Michael Savage Liberal Dartmouth—Cole Harbour, NS

First of all, I think Tom Hayes has done a great job, and I think there is a role. In fact, I think ACOA is actually involved in the fund in Atlantic Canada. It does even the playing field, because it's very hard to raise venture capital in Atlantic Canada. We have some great start-up companies that are looking for assistance. So thank you for that.

This is to Mr. Gemmill.

We've heard from other witnesses about the importance of the continuation of the national immunization program. That was $300 million, $100 million a year, starting in 2004.

4:35 p.m.

Co-Chair, Canadian Coalition for Immunization Awareness and Promotion

Dr. Ian Gemmill

My understanding was that provinces could draw on this fund for new vaccine programs, based on their population, over a period of three years, yes.

4:35 p.m.

Liberal

Michael Savage Liberal Dartmouth—Cole Harbour, NS

I think we all hope it will be continued, but I certainly hope we expand that.

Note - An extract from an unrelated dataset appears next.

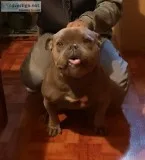 Beautiful Blue Nose Bull Dog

When you hear stories, as I did the other day, about the human papillomavirus vaccine for cervical cancer, I think, there's some tremendous potential to further expand that vaccination program. I think the recommendation from somebody was for another $300 million over three years. That may be in your brief as well.

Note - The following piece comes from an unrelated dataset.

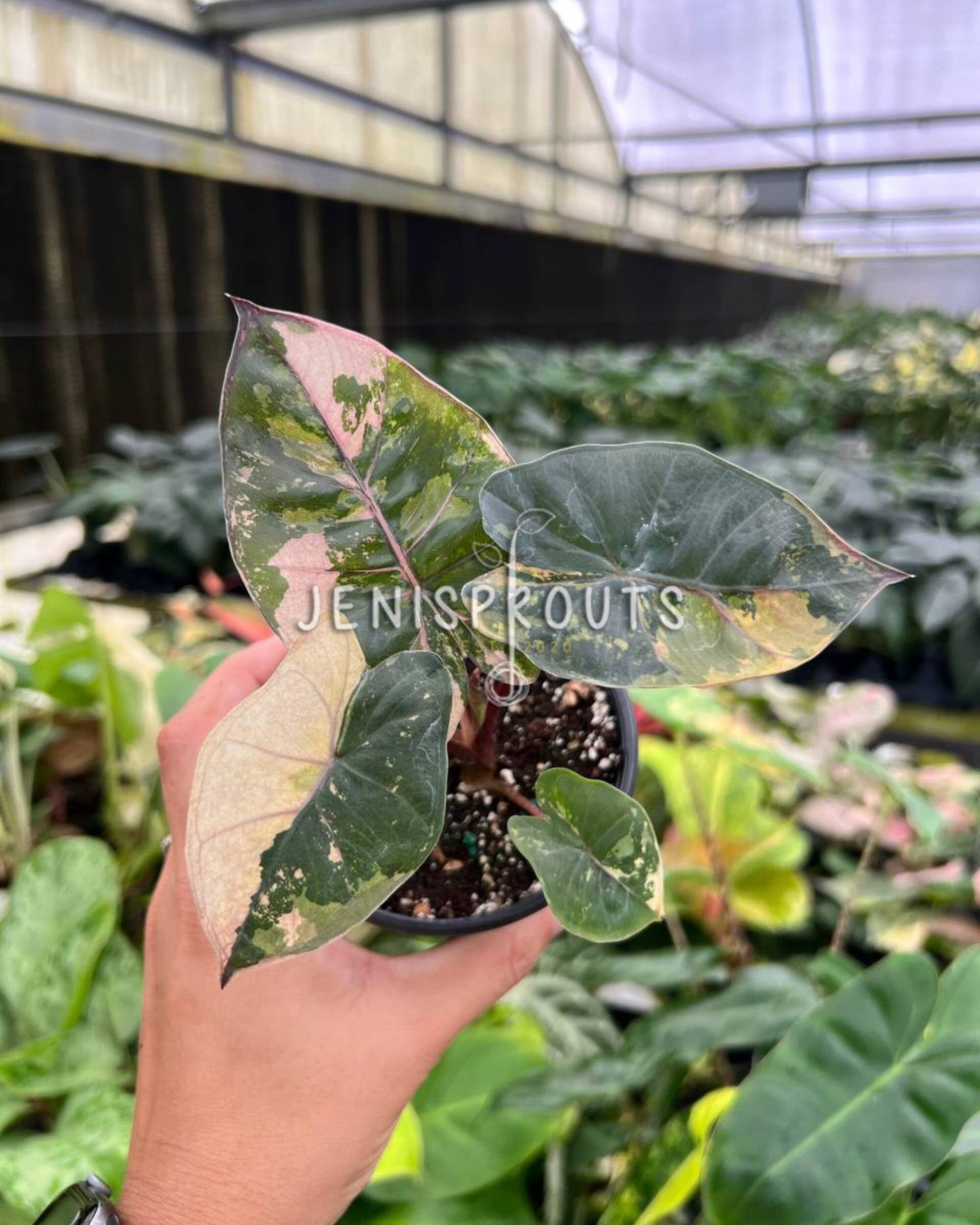 4" Alocasia Yucatan Princess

What is the potential for vaccines? Is it virtually unlimited? I mean, the payback is obviously very good, and you've monitored the payback as well as you can for some of these. But what is the potential for vaccines in Canada?

4:35 p.m.

Conservative

The Chair Conservative Brian Pallister

Mr. Gemmill, you have approximately 30 seconds to respond.

4:35 p.m.

Co-Chair, Canadian Coalition for Immunization Awareness and Promotion

Dr. Ian Gemmill

Thirty seconds, okay, thank you.

It varies from vaccine to vaccine and from time in history to time in history. I'm glad you raised the papillomavirus vaccine, because there's the chance of wiping out--virtually wiping out--cervical cancer using this vaccine and screening. That's a women's health issue and it needs to be addressed.

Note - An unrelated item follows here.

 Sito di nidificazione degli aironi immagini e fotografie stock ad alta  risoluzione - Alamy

I think we need to have a set amount of money that can be used and perhaps reserved from year to year so that as new vaccines come along, if we don't spend it one year, it will be available for the next year. For example, there's a rotavirus vaccine against diarrhea, a childhood diarrhea that keeps kids out of day care and keeps parents out of work, that I think is going to be an important one for us to consider implementing across the country as well.

4:35 p.m.

Conservative

The Chair Conservative Brian Pallister

Thank you, sir.

Mr. St-Cyr, you have five minutes.

4:40 p.m.

Bloc

Thierry St-Cyr Bloc Jeanne-Le Ber, QC

Thank you very much, and thank you for appearing before us today.

My question is for Mr. Gauthier from the Canadian Automobile Dealers Association. I looked over your proposals on the GST as it is applied in used car sales. However, it is not charged when the seller is a retailer or an individual.

In one short paragraph, you say that the input tax credit system put in place in 1991 produced inequities when compared to the situation of unauthorized car sellers, and that the previous system is preferable to the one in place today.

I would like to hear a more detailed explanation of the input tax credit system, the inequities it produced, and who these unauthorized used car sellers are.